CULBERTSON—March is National Agriculture Month, with National Agriculture Day falling on March 18.
The proclamation is meant to recognize and celebrate US producers and underscore the importance of the national food system.
But tariffs, trade wars and a lull in global grain markets are leaving Montana farmers like Grant Salvevold feeling uncertain about the future of his industry.
"Right now, a lot of the uncertainty just leads to who we can ship to with all the tariffs going on, what countries are taking exports and importing," Salvevold said. "Some markets are getting shut off right now and without those, there's just not a lot of competition to move stuff around."
Salvevold is a fourth-generation farmer who works his family's 17,000 acre farm near Froid, in the far northeastern part of Montana.
While Salvevold's farm has long grown wheat, poor markets are driving him to make different planting decisions this year.
"Specialty crops, lentils, peas, they're kind of leading the way right now," Salvevold said. "We grew up raising wheat—that was our staple and now it's kind of do anything you can not to plant wheat."
Salvevold is not alone in straying away from wheat this season.

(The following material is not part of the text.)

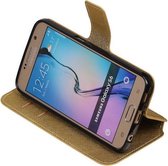 Goud Samsung Galaxy S6 TPU wallet case - telefoonhoesje - smartphone hoesje - beschermhoes - book case - booktype hoesje HM Book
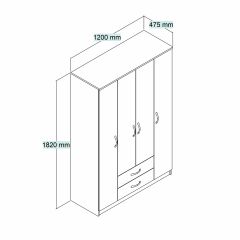 Nisa 4 Kapılı 2 Çekmeceli 10 Raflı Geniş Gardrop Çam - GRD1002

Down the road at the 20,000-acre Nygard farm in Brockton, John Nygard says his family too is planting less wheat due to costs of inputs like fertilizer and the low price of dollar-per-bushel.
"This year we're doing mostly specialty crops, it's cheaper to do specialty crops," Nygard said.
Jason Boeshore manages a grain elevator in Culberston and follows commodity markets closely in order to advise farmers when to sell their products for the best price.
"What I'm hearing from farmers is a lot of uncertainty," Boeshore said. "They ask me, 'hey, Jason, what's gonna happen? What's my new crop wheat gonna be worth?' And this is one of the first times in my career I don't know what to tell them."
Boeshore says the price of wheat started dropping steadily about three years ago, driven by inflation and decreasing demand.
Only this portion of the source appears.